Fig 1. The transmittance of MgF2 (the black and red line represent mid-infrared transmittance with 50 nm pre-layer and without pre-layer, respectively.) (Zhang G, et al. 2019)
MgF2 is commonly supplied with an optical axis that is cut perpendicular to the window surface and is mildly birefringent. Alfa Chemistry commonly cuts and positions the window to produce minimal birefringence using an optical axis perpendicular to a surface parallel to the (001) plane (c-axis) [001]. There is an a-cut available that is equivalent to a b-cut if maximum birefringence is required.
- Very hard and robust
- Resistant to mechanical and thermal shock
- The only optical material that combines a broad spectral transmission band with the phenomenon of birefringence
Properties of Magnesium Fluoride Materials
| Density | 3.18 g/cc |
| Molecular Weight | 62.32 |
| Solubility | 0.0002 g/100g water |
| Class/Structure | Tetragonal, can cleave on c-axis |
| Melting Point | 1255 ℃ |
| Hardness | Knoop 415 |
| Refractive Index | No 1.413 at 0.22 μm |
| Transmission Range | 0.12 ~ 7 μm |
| Reflection Loss | 5.7% at 0.22 μm |
| Reststrahlen Peak | 20 μm |
| Absorption Coefficient | 40 x 10-3 cm-1 at 2.7 μm |
| dn/dT | 2.3 (para) 1.7 (perp) at 0.4 μm |
| Youngs Modulus (E) | 138 GPa |
| Shear Modulus (G) | 54.66 GPa |
| Bulk Modulus (K) | 101.32 GPa |
| Apparent Elastic Limit | 49.6 MPa (7200 psi) |
| Thermal Expansion | 13.7 (para) 8.9 (perp) x 10-6/K |
| Thermal Conductivity | 21 (para) 33.6 (perp) W/m/K at 300K |
| Dielectric Constant | 4.87 (para) 5.45 (perp) at 1MHz |
| Specific Heat Capacity | 1003 J Kg m-1 K-1 |
| Poisson Ratio | 0.276 |
| Elastic Coefficients | C11=140, C12=89, C44=57, C13=63, C66=96 |
About refractive index parameters.
"No" means ordinary light, "Ne" means extraordinary light.
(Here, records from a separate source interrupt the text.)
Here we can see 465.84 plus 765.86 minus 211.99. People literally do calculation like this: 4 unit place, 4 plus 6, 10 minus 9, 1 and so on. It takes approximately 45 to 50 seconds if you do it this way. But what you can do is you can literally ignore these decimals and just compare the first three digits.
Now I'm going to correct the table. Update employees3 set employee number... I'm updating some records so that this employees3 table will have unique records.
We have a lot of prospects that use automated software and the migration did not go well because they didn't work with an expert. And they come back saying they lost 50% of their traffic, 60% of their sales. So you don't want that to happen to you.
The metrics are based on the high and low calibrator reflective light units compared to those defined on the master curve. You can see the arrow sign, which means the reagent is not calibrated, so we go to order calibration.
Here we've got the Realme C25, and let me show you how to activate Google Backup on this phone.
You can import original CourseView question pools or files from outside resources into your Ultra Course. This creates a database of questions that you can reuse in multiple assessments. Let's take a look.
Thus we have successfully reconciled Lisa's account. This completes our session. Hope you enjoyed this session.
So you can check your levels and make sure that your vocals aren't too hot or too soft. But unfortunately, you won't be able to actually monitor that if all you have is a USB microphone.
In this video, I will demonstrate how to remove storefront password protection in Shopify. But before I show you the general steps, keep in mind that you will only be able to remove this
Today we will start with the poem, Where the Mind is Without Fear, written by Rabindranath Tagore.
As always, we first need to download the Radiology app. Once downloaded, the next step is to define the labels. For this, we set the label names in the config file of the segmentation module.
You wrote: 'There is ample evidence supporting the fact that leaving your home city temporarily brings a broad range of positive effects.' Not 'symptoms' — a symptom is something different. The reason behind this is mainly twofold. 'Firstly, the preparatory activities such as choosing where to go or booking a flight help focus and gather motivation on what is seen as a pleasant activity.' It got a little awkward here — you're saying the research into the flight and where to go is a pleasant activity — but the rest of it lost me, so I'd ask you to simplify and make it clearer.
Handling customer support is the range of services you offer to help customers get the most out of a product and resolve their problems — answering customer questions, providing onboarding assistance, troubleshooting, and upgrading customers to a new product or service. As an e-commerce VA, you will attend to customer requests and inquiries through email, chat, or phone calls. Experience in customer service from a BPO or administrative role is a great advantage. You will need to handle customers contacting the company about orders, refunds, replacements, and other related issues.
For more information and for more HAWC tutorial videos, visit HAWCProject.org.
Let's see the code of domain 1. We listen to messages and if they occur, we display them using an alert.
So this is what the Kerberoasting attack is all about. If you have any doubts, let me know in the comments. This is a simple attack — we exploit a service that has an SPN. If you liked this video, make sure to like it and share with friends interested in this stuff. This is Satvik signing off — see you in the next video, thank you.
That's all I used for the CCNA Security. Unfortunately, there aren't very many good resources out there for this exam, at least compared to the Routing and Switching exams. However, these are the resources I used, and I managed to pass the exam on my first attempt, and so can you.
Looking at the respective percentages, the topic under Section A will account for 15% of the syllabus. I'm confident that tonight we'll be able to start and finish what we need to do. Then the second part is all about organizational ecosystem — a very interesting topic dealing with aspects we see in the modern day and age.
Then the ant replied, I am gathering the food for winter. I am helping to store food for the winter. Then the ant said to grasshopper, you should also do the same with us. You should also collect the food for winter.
| µm | No | Ne | µm | No | Ne | µm | No | Ne |
|---|---|---|---|---|---|---|---|---|
| 0.1137 | 1.781 | 0.115 | 1.742 | 0.118 | 1.680 | |||
| 0.1198 | 1.651 | 0.121 | 1.628 | 1.632 | 0.130 | 1.566 | 1.568 | |
| 0.140 | 1.510 | 1.523 | 0.150 | 1.480 | 1.494 | 0.160 | 1.461 | 1.475 |
| 0.170 | 1.448 | 1.462 | 0.180 | 1.439 | 1.453 | 0.190 | 1.431 | 1.444 |
| 0.200 | 1.423 | 1.437 | 0.220 | 1.413 | 1.426 | 0.248 | 1.403 | 1.416 |
| 0.257 | 1.401 | 1.414 | 0.266 | 1.399 | 1.412 | 0.280 | 1.396 | 1.409 |
| 0.300 | 1.393 | 1.405 | 0.330 | 1.389 | 1.402 | 0.337 | 1.389 | 1.401 |
| 0.350 | 1.387 | 1.400 | 0.355 | 1.386 | 1.399 | 0.400 | 1.384 | 1.396 |
| 0.546 | 1.379 | 1.390 | 0.700 | 1.376 | 1.388 | 1.087 | 1.373 | 1.385 |
| 1.512 | 1.370 | 1.382 | 2.000 | 1.368 | 1.379 | 2.500 | 1.364 | 1.375 |
| 3.030 | 1.360 | 1.370 | 3.571 | 1.354 | 1.364 | 4.000 | 1.349 | 1.359 |
| 4.546 | 1.341 | 1.350 | 5.000 | 1.334 | 1.343 | 5.556 | 1.324 | 1.332 |
| 6.060 | 1.314 | 1.321 |
Reference
- Zhang G, et al. (2019). "Influences of Oxygen Ion Beam on the Properties of Magnesium Fluoride Thin Film Deposited Using Electron Beam Evaporation Deposition." Precision Engineering. Coatings. 9(12): 834.